Frances Fox Piven on Why Protesters Must “Defend Their Ability to Exercise Disruptive Power”
Just last month, social movement scholar Frances Fox Piven predicted “waves of mass protest” in the US. She was right. In an interview with Jacobin, Piven discusses why disruption must be central to protests, the thorny questions of violence and property destruction, and how organizers should and should not see their role in the streets.

Protesters block traffic on Interstate 395 as they march from Lafayette Park on June 15, 2020 in Washington, DC. Drew Angerer / Getty
In a mid-May interview, Frances Fox Piven predicted “waves of mass protest” in the United States’ near future. Since then, the country has erupted into an unprecedented multiracial mass movement against police brutality.
It’s no surprise that Piven predicted this uprising, given that she has spent the last fifty years studying the background conditions that enable mass protest to emerge.

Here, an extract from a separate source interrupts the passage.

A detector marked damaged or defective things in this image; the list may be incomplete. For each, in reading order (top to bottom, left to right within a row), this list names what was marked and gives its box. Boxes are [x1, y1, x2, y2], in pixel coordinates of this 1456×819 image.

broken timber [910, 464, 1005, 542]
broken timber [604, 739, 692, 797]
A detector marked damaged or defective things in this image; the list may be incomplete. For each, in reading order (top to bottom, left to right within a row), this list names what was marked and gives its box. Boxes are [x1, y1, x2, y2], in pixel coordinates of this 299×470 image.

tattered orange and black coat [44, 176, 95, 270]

Piven’s attention to the dynamics of protest, her study of race and class in US social movements, and her experience as a welfare rights and electoral organizer give her an essential perspective on this moment.
Mie Inouye spoke with Piven about the conditions that contributed to the current uprising, the reasons for its multiracial character, the role of organizers in a movement moment, property destruction as a tactic, the movement’s electoral implications, and the possibility of a revolution in the United States. This interview has been edited for clarity and length.